» Instructions for the task
Set down exactly the lines from the one containing "(200203) -- MIAMI, Feb." to the final line of the records below, with every picture omitted.

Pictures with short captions

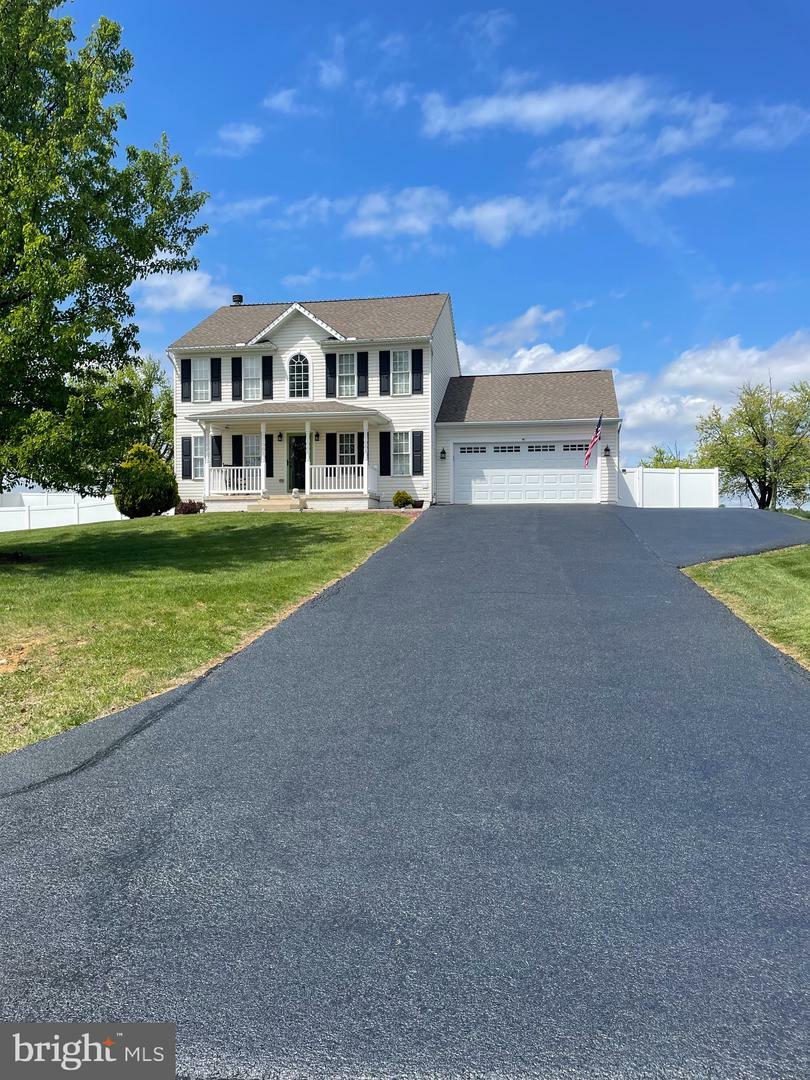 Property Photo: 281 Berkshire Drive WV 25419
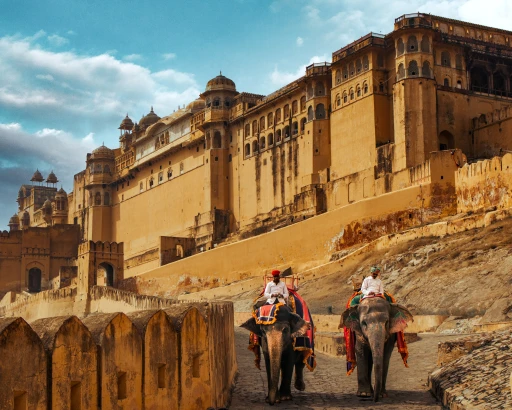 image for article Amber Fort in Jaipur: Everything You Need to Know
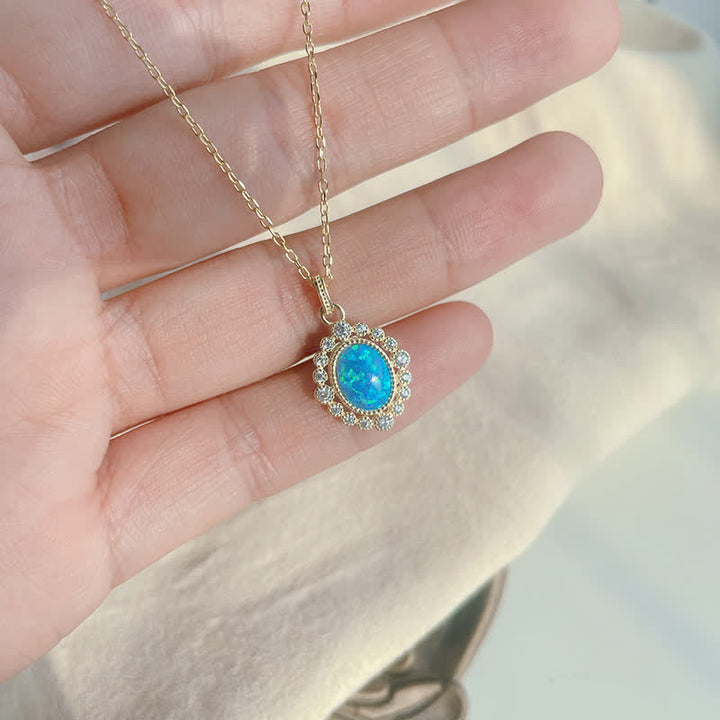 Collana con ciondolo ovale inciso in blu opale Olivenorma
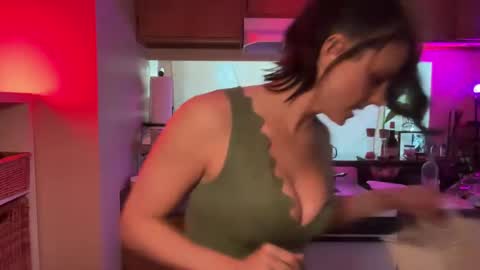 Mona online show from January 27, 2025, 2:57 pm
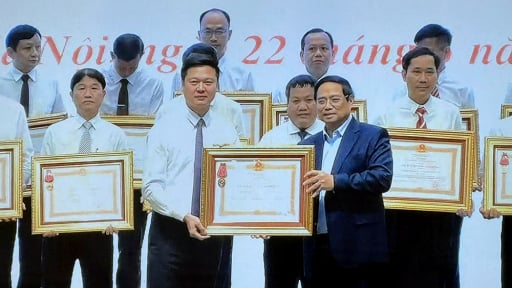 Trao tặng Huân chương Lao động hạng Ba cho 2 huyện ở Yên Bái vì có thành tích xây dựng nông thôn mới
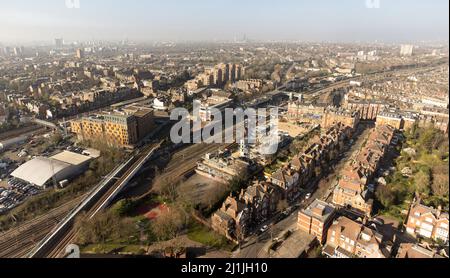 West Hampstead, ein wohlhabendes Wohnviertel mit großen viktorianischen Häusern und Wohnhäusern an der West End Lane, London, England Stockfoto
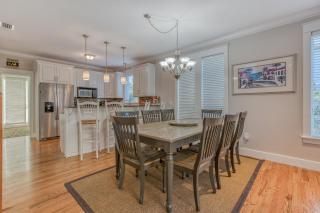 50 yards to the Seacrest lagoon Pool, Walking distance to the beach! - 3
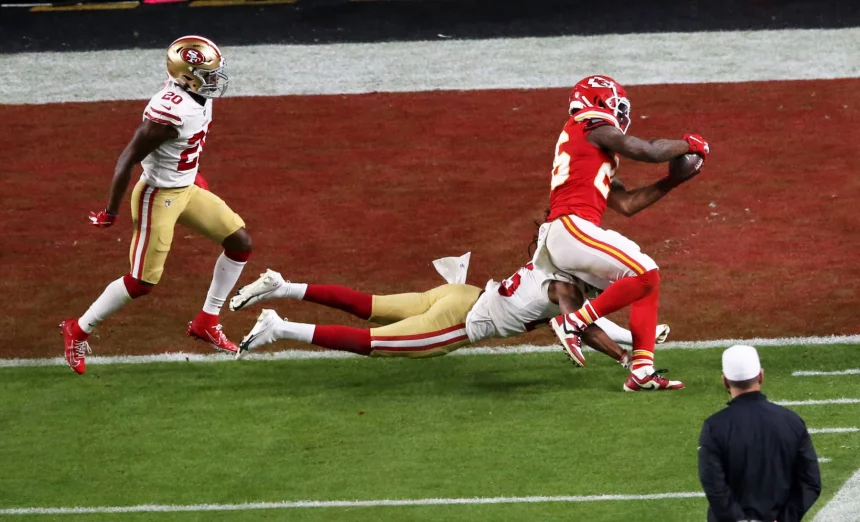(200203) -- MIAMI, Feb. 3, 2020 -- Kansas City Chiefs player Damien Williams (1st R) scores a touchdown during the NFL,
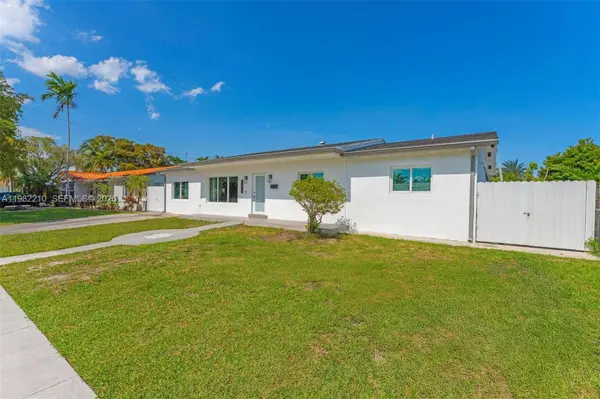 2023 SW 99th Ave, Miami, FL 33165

» Task solution
(200203) -- MIAMI, Feb. 3, 2020 -- Kansas City Chiefs player Damien Williams (1st R) scores a touchdown during the NFL,
 2023 SW 99th Ave, Miami, FL 33165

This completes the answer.